Story Stocks®
TJX (TJX) is relatively flat after reporting its Q3 (Oct) results this morning. The company's off-price model continues to resonate with consumers and perform well despite macro uncertainty and a competitive retail environment. It beat expectations on the top and bottom line, marking its fifteenth consecutive EPS beat, while revenue increased 7.5% yr/yr to $15.18 bln, its strongest growth in seven quarters. TJX also raised FY26 EPS and revenue guidance above expectations to $4.63-4.66 and $59.7-59.9 bln, respectively, with comps now expected to be +4% (from +3%).

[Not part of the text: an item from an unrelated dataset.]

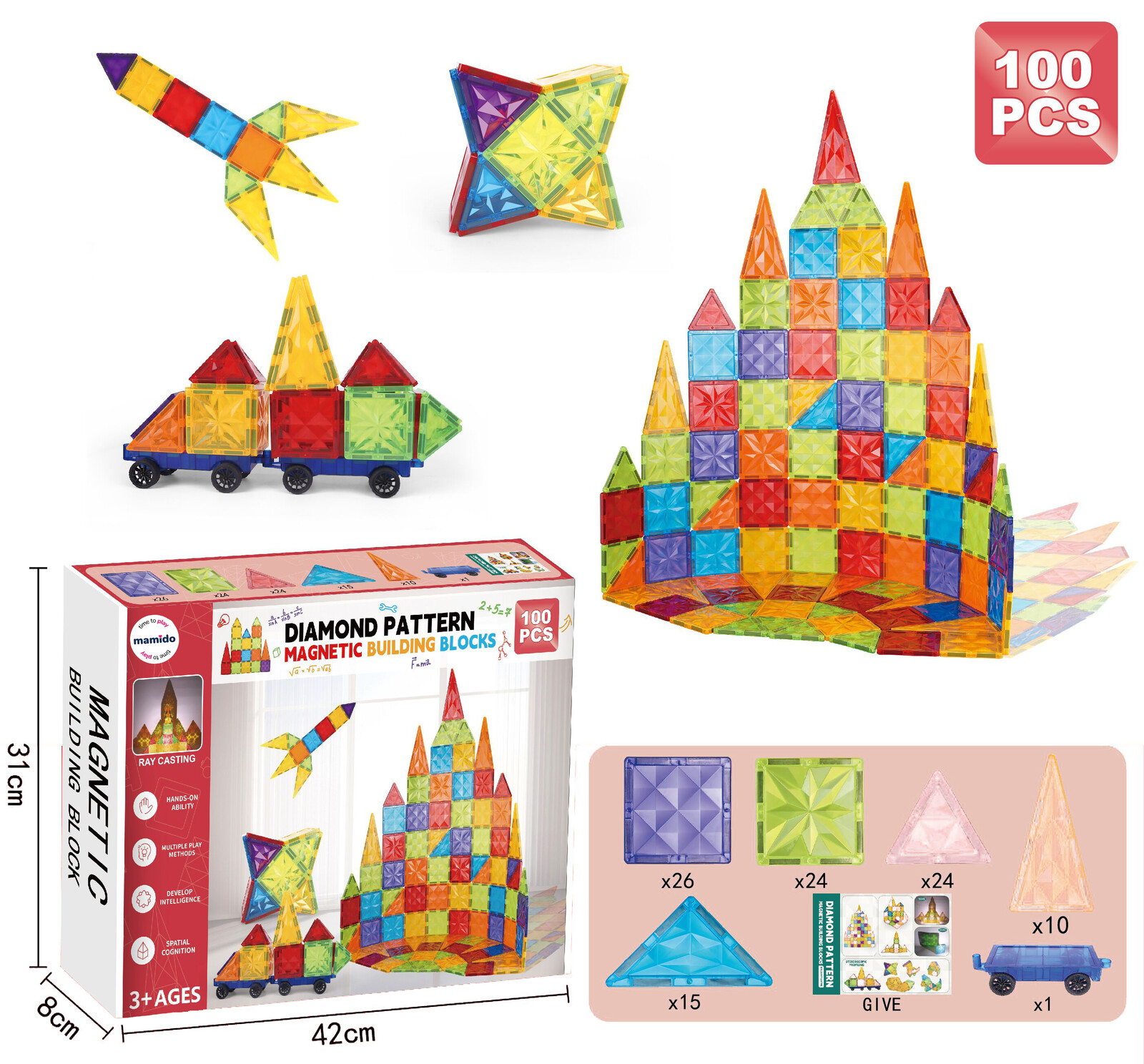 Mamido Mamido Magnetická stavebnice 100 dílů Diamond Pattern MT1162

- Comp sales accelerated to +5%, above prior guidance, driven by a combination of higher traffic and bigger baskets, with both apparel and home categories posting strong increases.
- TJX Canada led with comps +8% (+9% in Q2), followed by Marmaxx +6% (+3% in Q2), HomeGoods +5% (+5% in Q2), and International +3% (+5% in Q2), with broad-based strength across income demographics reflecting the appeal of its value offerings.

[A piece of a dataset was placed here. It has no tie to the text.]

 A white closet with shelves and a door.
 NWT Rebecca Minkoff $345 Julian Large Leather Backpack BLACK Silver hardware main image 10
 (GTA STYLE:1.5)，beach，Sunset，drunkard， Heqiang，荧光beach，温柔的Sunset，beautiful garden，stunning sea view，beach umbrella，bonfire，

- Importantly, its mitigation efforts fully offset tariff pressure, helping boost pre-tax margin 40 bps to 12.7% and expand gross margin 100 bps yr/yr, also aided by stronger merchandise margin and lower freight costs.
- The holiday outlook was notably positive, with TJX positioning its banners as top destinations for value-focused shoppers, supported by strong gift availability, fresh assortments flowing multiple times per week, and digital-led holiday marketing campaigns.

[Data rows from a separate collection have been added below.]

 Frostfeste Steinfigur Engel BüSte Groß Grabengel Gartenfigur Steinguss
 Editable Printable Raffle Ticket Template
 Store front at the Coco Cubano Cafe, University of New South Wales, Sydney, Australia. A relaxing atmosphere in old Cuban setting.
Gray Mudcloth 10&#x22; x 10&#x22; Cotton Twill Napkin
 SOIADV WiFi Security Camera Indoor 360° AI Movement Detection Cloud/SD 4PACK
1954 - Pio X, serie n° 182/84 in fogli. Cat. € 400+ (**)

Briefing.com Analyst Insight
TJX continues to execute at a high level, and its off-price value proposition is clearly resonating with consumers in a still-challenging macro environment. It has consistently beat expectations on the bottom line, with healthy traffic, accelerating comps, and continued margin expansion underscoring the strength of its model. The muted reaction likely reflects the stock's proximity to all-time highs, TJX isn't an ultra-growth story, but it remains a reliable operator in discretionary retail, with value-driven traffic supporting steady share gains. Management was also bullish on the upcoming holiday season, citing strong gift availability and frequent new assortments, and TJX appears well positioned to capture demand. Longer term, its global footprint, including its joint venture in Mexico, investment in the Middle East, and planned entry into Spain in spring 2026, provides additional runway for growth.